L'istituto di previdenza aveva negato la possibilità di aderire all'Ape sociale ad un lavoratore affetto da epatite C perché percepisce già un indennizzo dallo Stato. Il giudice del Lavoro - con un sentenza che costituisce un importante precedente - ha invece accolto la richiesta: "Nessuna incompatibilità"

Ha diritto ad avere la pensione anticipata, attraverso il così detto Ape sociale, anche chi riceve un indennizzo dallo Stato perché vittima di una trasfusione da sangue infetto. A deciderlo - ed è una sentenza destinata a costituire un precedente importante a livello nazionale - è stato il giudice del Lavoro, Livio Fiorani, che ha accolto il ricorso di un lavoratore, difeso dagli avvocati Antonino Paleologo e Giuseppe Giambanco, e condannato l'Inps che invece aveva respinto l'istanza.

Al centro del processo c'è la storia di un uomo di 65 anni, oggi affetto da epatite C degenerata in cirrosi, in seguito ad una trasfusione di sangue infetto alla quale era stato sottoposto tanti anni fa. Il 4 gennaio del 2018, quando aveva 63 anni, il lavoratore aveva deciso di aderire all'Ape sociale, la misura che - con precisi requisiti - consente di andare in pensione prima dei 67 anni. Tuttavia, il 25 settembre di quello stesso anno, l'Inps aveva rigettato la sua domanda, ritenendola  incompatibile "con altra pensione a lei intestata", come avevano scritto dagli uffici. L'uomo, in realtà, non percepisce un'altra pensione, ma solo l'indennizzo dello Stato per risarcirlo dalla trasfusione di sangue infetto e dalle patologie che gli ha provocato. Da qui la decisione di fare causa all'isituto di previdenza.

L'Inps, davanti al giudice, ha ribadito la propria posizione, sostenendo che le norme che prevedono e regolano l'Ape sociale indicano tra le cause di esclusione "la titolarità di trattamento pensionistico diretto e ciò al di là della natura di quest'ultimo, sia previdenziale (privilegiato o calcolato in base ai contributi versati), sia indennitario (per danno subito)".

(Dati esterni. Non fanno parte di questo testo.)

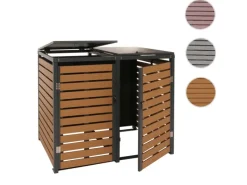 XL 2er-/4er-Mülltonnenverkleidung HxBxT 119x140x102 cm Teak-Optik Mülltonnenbox Mülltonnenabdeckung WPC Metall 86kg*PROREGAL Clearance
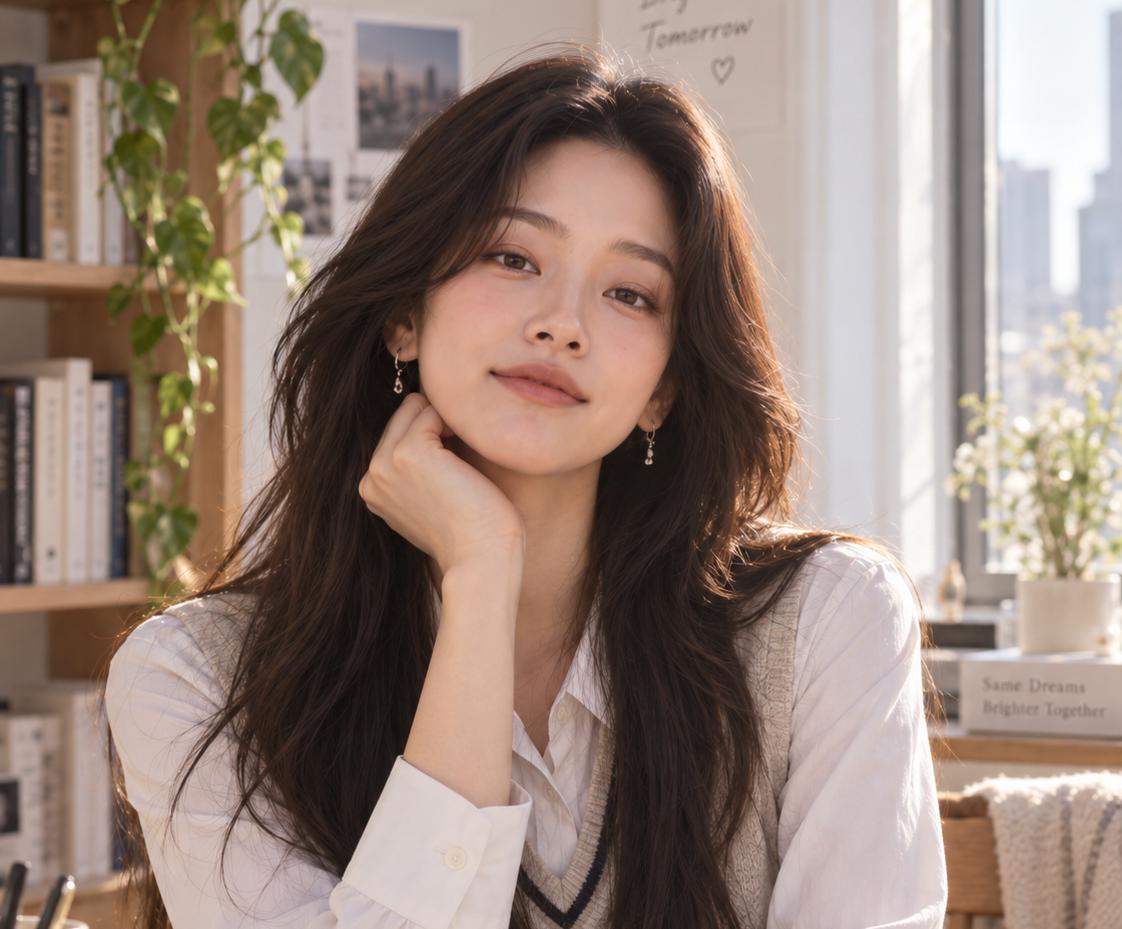 자연광 아래 차분하게 미소 짓는 노아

Un'argomentazione che, però, non ha convinto il giudice, che ha ritenuto invece "fondato e meritevole di accoglimento il ricorso" del lavoratore. Come si legge nella sentenza, infatti, le somme già percepite dall'uomo hanno "la finalità di garantire un indennizzo - a carico dello Stato ed ispirato al principio di solidarietà sociale - a quanti abbiano riportato gravi danni in conseguenza di determinati trattatamenti sanitari a cui si siano sottoposti. I relativi benefici economici sono erogati a prescindere dal reddito del richiedente, sono esenti dalle imposte sui redditi e sono cumulabili con altre eventuali provvidenze economiche percepite a qualsiasi titolo". Inoltre, "non risulta un'espressa causa di esclusione" per questi soggetti e "va quindi riconosciuto il diritto del ricorrente alla percezione dell'indennità e l'Inps va condannato al pagamento di quanto dovuto, oltre interessi legali sulle singole rate e fino al soddisfo". L'istituto è stato anche condannato a pagare le spese di giudizio.